Muchos de los ciudadanos que ocupan hoy el Viejo Continente no han vivido guerra alguna. El imaginario bélico de los niños de ahora está determinado por el cine, las historietas y los videojuegos, mucho más que por las fotos del abuelo durante la Guerra Civil española o la II Guerra Mundial. Pero ese alejamiento de la guerra real es un fenómeno nuevo para unos europeos que, durante siglos, habían conocido sólo breves periodos de paz interrumpidos regularmente por guerras más o menos cruentas.
Juguetes, fotos, disfraces, libros o cuadernos reconstruyen en la exposición de Lyón la vida cotidiana de esos niños que convivieron con las armas. El recuerdo del horror que supuso la espantosa carnicería de 1914-1918 había determinado el pacifismo reinante en países como Francia o Bélgica que no querían conocer de nuevo la devastación de su paisaje humano y físico, o el deseo de revancha del orgullo herido de los alemanes. No son iguales, pues, las fotos o los sueños de agresividad de los niños que nacen a uno u otro lado del Rin, como no lo son para los chavales estadounidenses criados en un país que apenas acaba de domeñar su territorio, o para los pequeños japoneses que van a pasar de las marchas imperiales a la explosión atómica.
Miedo e incomprensión
Los niños franceses, alemanes, estadounidenses y japoneses vivirán, pues, de manera distinta la realidad y la ficción de la guerra. En unos casos, el temor se intuye en los dibujos, en la elección misma de los uniformes de juguete; prefieren las corazas brillantes de los dragones de las tropas napoleónicas al discreto azul laboral de los uniformes que vestían quienes obtuvieron la victoria en 1918. En otras oportunidades lo incomprensible aparece en las evocaciones escolares, en las formas monstruosas que sirven para dar sentido a lo que no lo tiene, al acto mismo de arrasar Hiroshima y Nagasaki. Y qué decir del cambiante paisaje alemán, optimista y agresivo primero, ensimismado y discreto luego, perfecta plasmación de esa incapacidad, comentada por Sebald, de todo un país para hacer frente a las destrucciones que ha protagonizado como agresor y, aún más, a las que ha vivido como país finalmente derrotado. En Estados Unidos, la inocencia se prolonga, no sólo a través del mito fundacional del vaquero con la pistola desenfundada, siempre el más rápido a este lado del río, sino también gracias a la victoria repetida, a la superioridad económica y técnica y, sobre todo, a la lejanía del frente. Esa lejanía deja que sean el cine y otros medios de comunicación los que impongan la visión canónica de la aventura militar. Los soldados que vuelven del frente, como los supervivientes de los campos de concentración y exterminio, no tienen nada que contar. En sus ojos no brilla la victoria, sino el horror, y nadie quiere escucharles. Los juguetes o los relatos destinados a los menores de la época tienen también en cuenta esa premisa.
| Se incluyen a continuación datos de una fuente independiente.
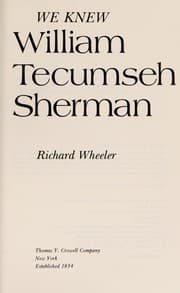 Tapa de We knew William Tecumseh Sherman
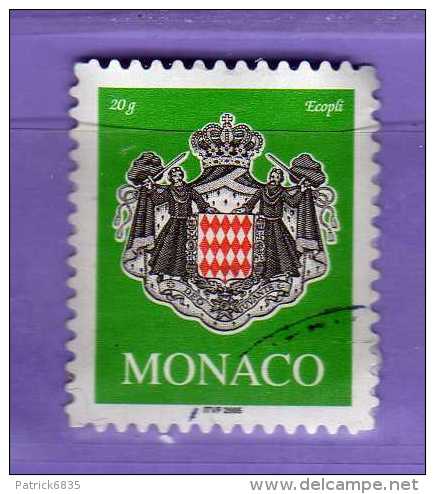 Monaco ° 2005 - Yvert. 2502 -  Sans Valeur.   Vedi Descrizione. - Oblitérés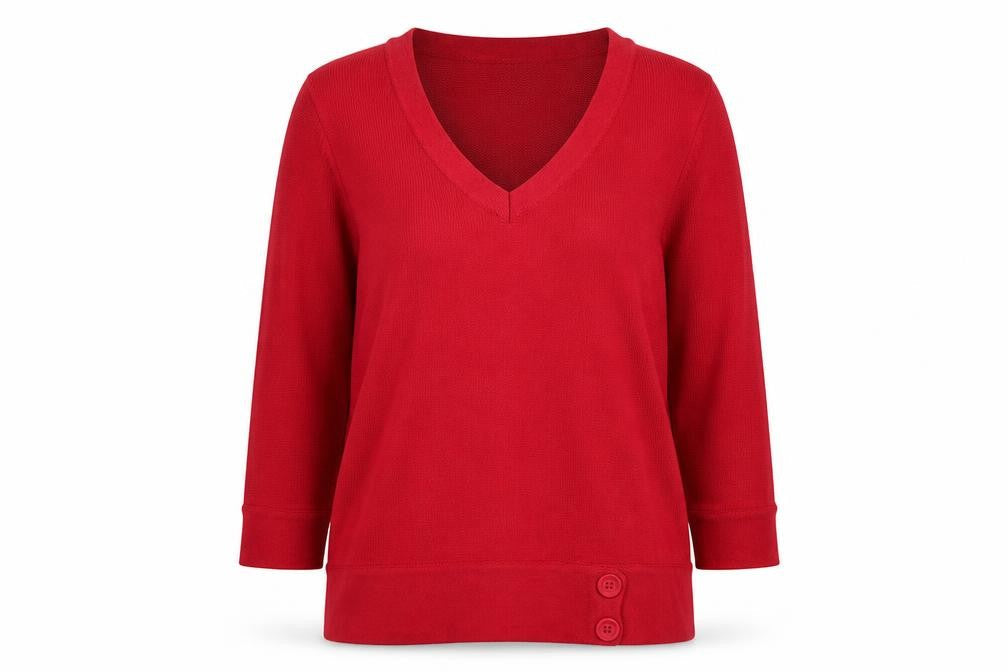 Marks & Spencer Womens Pink V-Neck Cotton Pullover Jumper Size 14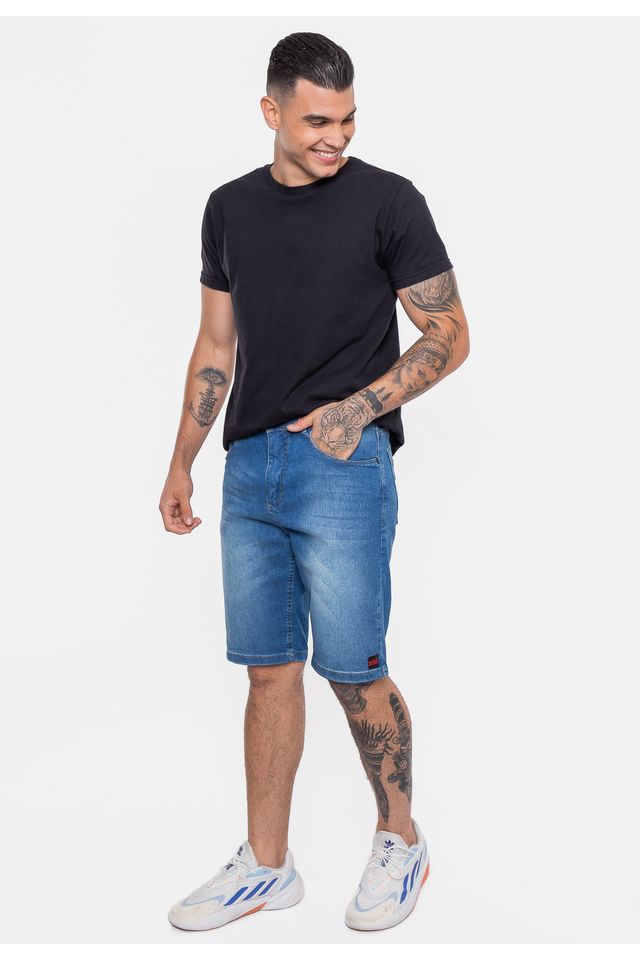 Bermuda Ecko Jeans Slim Azul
Los niños como protagonistas, reales o imaginarios, de la guerra, pero también como receptores de adoctrinamiento patriótico, a menudo belicista, de menosprecio al vecino, de miedo a la diferencia. El material reunido en Lyón también tiene en cuenta aquello de que "envejecer es acordarse de su infancia", tal y como lo expuso el dramaturgo y novelista Thomas Bernhard, un personaje que precisamente mantuvo siempre una actitud de no reconciliación con esa infancia, marcada por el estigma del nazismo.
Los novelistas, los escritores de todo tipo, recuerdan lo que conocieron como chicos, y algunos nos han dejado de ello testimonios impresionantes, como es el caso de J. G. Ballard con El imperio del sol, adaptada a la pantalla por Steven Spielberg, una novela en la que se entremezcla su traumática entrada en el mundo de los adultos con el auge y caída del imperio japonés. El narrador es un niño, y es precisamente la relación entre esa mirada infantil y la muerte violenta lo que explora la exposición lyonesa.